Dear Author asks, “Why are we so hard on other women?” Jane Litte thinks two major factors are at play: over-identifying with a female character and familiarity breeding contempt. When we over-identify with a character of the same gender, Jane says, we tend to judge her more harshly because we hope that we wouldn’t make the same mistakes in her position:
When it comes to romance books, if some female character does something that nets a bad result, we are impatient with her because we hope that in her circumstances, we would have made other choices to effectuate a different outcome.
As for familiarity breeding contempt:
Women start out “knowing” women intimately. Men are far more ambiguous and therefore are still mysterious wondrous creatures. Women, because most of us are women, view the female characters with a jaundiced eye, perhaps already pre-judging them before the book is even opened.

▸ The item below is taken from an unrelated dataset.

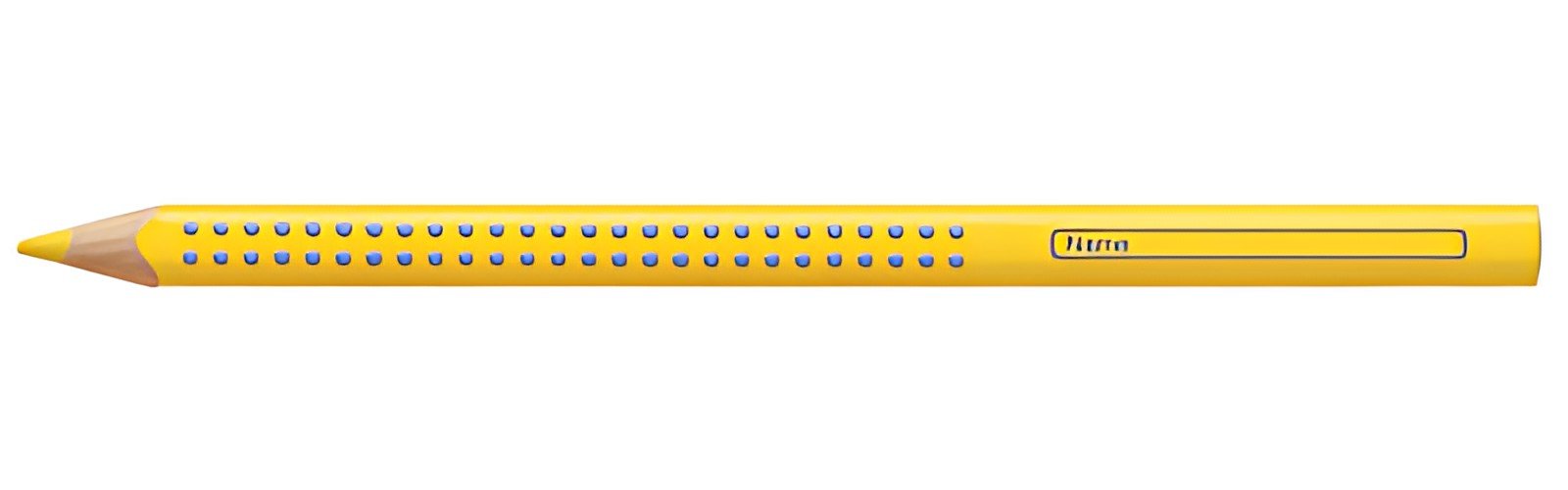 FABER-CASTELL Crayons couleur JUMBO GRIP, jaune citrouille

We assume we have an intuitive grasp of how female characters think and feel, and our expectations of them are much higher, because our expectations for ourselves are quite high. As the commenters on Jane’s post point out: there is some serious internalized sexism in effect here. Women are more critical of other women because everyone is more critical of women, period. We’re socially conditioned to judge ourselves harshly, to never be satisfied, to always want to be prettier, thinner, nicer, more pleasing, etc.

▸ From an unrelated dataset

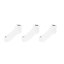 Puma 3 Pack Quarter Socks Mens White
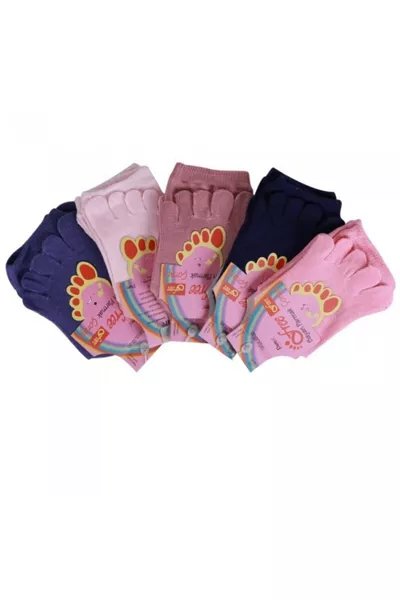 Damen Zehensocken, pilzhemmend, schweißabsorbierend, 4er-Pack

A male character can be cold or angry and readers will excuse it because he had a tragic past; a female character who’s cold or angry, however, tends to get labeled a bitch. A male character who’s arrogant and cocky is lauded for his confidence; a female character who’s arrogant and cocky is branded uppity, snobby, and the ubiquitous bitchy.
Moral of the story: we sure do like to find ways to label other women bitches.

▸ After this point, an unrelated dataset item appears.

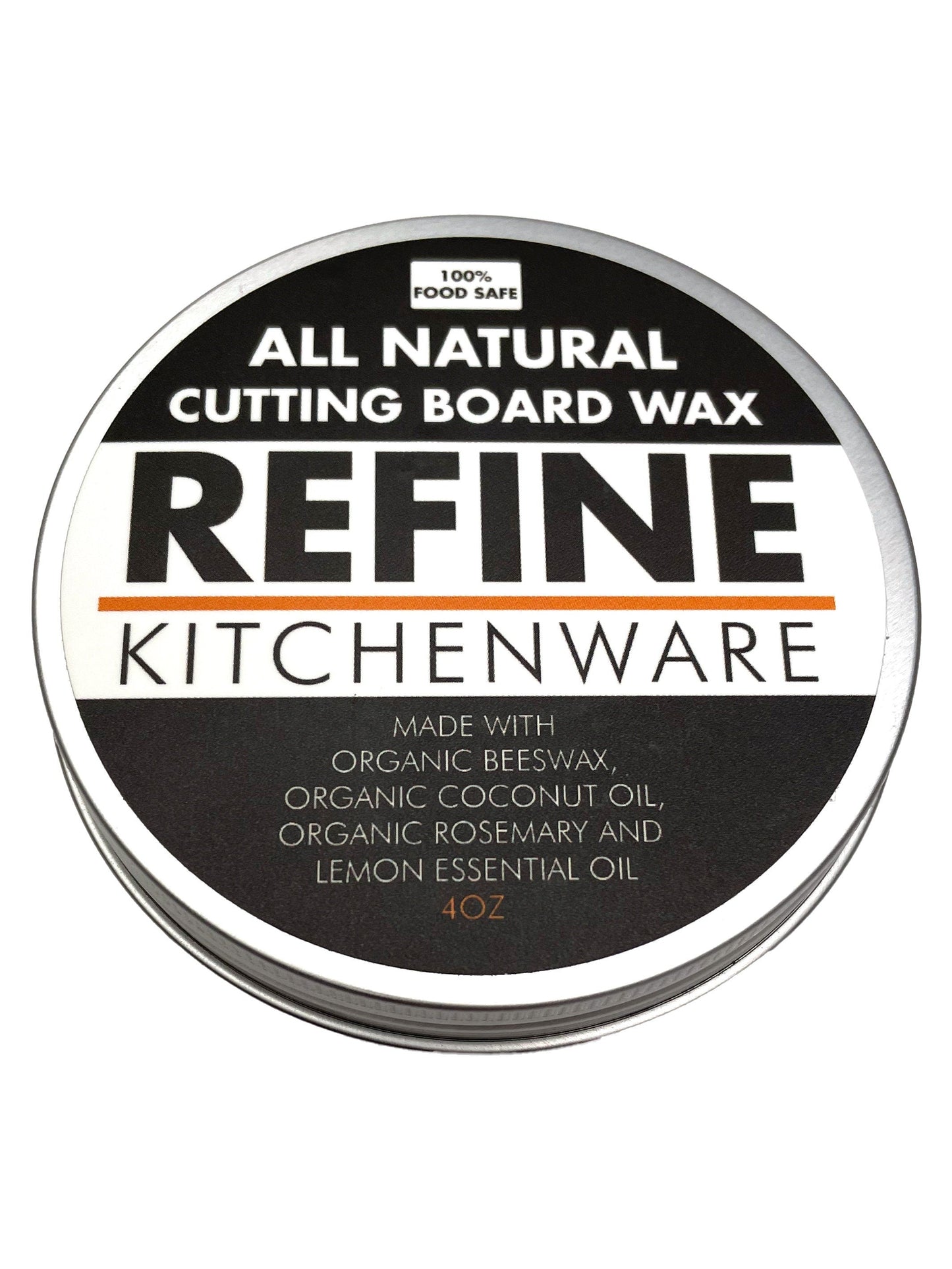 All Natural Cutting Board Wax, Handmade in the USA With Organic Coconut Oil and Organic Beeswax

On the topic of bitchiness and unlikable heroines, the excellent Heroine Week at Romance Around the Corner contains this gem: Flawed Heroines and the Likability Standard. Author Rebecca Rogers Maher points out the huge divide in reader expectations along genre lines:
In a recent interview about her novel, The Woman Upstairs, Claire Messud was asked whether anyone would want to be friends with her angry heroine, Nora. Messud responded with an outraged, “What kind of question is that?” She suggested that it would never be asked of a male author, about a male character, and that it was not necessary to be friends with a character in order to be moved by her.
Rebecca makes a compelling argument for seeing more “unlikable” or, simply, more realistic heroines in romance. An unlikable, even reprehensible character can still be worthwhile to read about—witness the enduring popularity of Lolita. Obviously Lolita is not a romance, but romance can take a cue from literary fiction here: realism is good. Sometimes, realism is what romance readers want. This is a huge reason why I love New Adult: genre conventions are much less strict in NA romance compared to traditional romance. NA is rife with seriously flawed, fucked-up characters in dark and gritty situations. Psychological damage is the trait du jour.
But it’s tragic if, as one commenter suggests, romance readers only read for heroes, not for heroines. Do we really want our heroines to be blank slates and vacuous paper dolls? I sure as hell don’t. I read romance—and all types of fiction—for realistic people, period. Only flawed characters are capable of growth and change. A flawless character is stagnant; they may be easy to like in a bland, inoffensive way, but they inspire no great passion or compassion from me. Give me your flawed heroines, your cocky ladies, your selfish bitches, yearning to be themselves.
What do you think? Are women too hard on other women? Do you want to see flawed, unlikable characters in romance?